Stored entries:
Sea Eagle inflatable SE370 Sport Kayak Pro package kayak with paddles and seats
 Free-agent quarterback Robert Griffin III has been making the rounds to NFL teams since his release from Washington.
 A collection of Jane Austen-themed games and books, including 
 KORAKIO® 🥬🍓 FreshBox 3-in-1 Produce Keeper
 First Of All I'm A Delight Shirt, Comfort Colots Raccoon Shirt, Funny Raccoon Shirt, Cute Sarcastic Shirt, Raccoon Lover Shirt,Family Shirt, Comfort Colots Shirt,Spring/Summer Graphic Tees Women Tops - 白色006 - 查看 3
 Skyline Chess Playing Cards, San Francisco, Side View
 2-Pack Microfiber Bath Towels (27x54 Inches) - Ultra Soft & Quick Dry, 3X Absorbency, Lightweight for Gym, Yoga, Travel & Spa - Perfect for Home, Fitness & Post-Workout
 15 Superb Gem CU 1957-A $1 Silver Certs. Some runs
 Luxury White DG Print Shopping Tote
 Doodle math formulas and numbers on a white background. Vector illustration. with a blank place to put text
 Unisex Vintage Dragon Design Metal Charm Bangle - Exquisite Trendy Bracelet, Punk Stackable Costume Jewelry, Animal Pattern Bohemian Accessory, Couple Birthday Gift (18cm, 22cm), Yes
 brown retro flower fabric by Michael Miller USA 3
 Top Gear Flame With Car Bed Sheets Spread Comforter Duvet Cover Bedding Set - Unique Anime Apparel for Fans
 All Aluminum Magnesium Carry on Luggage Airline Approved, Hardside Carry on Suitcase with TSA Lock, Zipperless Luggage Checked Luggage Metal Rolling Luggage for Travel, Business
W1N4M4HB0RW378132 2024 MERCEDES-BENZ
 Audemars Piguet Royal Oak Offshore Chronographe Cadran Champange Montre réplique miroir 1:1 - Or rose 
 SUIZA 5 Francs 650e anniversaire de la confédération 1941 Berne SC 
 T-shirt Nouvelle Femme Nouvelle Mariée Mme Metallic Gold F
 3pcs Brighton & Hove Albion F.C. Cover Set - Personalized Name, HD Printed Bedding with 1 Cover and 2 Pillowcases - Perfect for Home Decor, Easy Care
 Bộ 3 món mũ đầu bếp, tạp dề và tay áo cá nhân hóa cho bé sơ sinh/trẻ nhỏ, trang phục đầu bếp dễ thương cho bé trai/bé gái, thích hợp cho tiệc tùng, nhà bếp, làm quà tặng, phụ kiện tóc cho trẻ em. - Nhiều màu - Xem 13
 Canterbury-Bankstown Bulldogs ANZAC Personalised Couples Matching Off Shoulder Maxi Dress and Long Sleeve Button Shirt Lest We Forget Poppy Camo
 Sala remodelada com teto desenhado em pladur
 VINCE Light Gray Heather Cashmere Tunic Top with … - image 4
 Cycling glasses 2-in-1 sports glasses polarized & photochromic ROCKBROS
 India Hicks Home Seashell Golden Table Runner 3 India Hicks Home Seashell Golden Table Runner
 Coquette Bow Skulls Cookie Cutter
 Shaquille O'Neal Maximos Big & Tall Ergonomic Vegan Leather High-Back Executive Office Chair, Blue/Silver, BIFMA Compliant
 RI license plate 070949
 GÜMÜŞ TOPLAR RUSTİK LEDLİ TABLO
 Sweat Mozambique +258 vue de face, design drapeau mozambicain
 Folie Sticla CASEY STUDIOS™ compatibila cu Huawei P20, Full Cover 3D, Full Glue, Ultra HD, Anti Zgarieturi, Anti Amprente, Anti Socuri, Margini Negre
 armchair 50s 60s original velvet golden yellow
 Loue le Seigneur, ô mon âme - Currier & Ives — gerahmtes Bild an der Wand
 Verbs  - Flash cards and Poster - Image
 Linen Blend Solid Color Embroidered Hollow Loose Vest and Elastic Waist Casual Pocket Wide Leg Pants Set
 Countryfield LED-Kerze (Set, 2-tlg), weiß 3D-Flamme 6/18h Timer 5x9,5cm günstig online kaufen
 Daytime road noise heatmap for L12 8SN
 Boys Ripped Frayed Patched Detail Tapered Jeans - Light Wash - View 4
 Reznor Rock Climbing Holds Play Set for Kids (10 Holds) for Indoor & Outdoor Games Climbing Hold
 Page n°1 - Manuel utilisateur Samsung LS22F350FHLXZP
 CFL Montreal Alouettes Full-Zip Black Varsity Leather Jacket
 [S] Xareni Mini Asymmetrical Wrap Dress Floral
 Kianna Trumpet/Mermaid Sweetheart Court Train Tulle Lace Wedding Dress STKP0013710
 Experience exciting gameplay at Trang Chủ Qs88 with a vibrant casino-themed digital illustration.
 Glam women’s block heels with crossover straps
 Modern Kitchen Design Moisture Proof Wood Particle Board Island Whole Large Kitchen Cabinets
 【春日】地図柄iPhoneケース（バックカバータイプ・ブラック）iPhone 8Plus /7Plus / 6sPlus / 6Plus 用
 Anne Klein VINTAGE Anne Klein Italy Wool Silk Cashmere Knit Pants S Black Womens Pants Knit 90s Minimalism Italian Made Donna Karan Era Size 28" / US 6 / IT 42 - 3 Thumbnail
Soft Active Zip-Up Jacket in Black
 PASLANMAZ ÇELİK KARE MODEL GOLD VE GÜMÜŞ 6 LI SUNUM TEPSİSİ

## WORK REQUEST
Please output exactly the lines between the one holding "Unisex Vintage Dragon" and the one holding "brown retro flower" in the records above, inclusive, and nothing more.

## THE ANSWER
 Unisex Vintage Dragon Design Metal Charm Bangle - Exquisite Trendy Bracelet, Punk Stackable Costume Jewelry, Animal Pattern Bohemian Accessory, Couple Birthday Gift (18cm, 22cm), Yes
 brown retro flower fabric by Michael Miller USA 3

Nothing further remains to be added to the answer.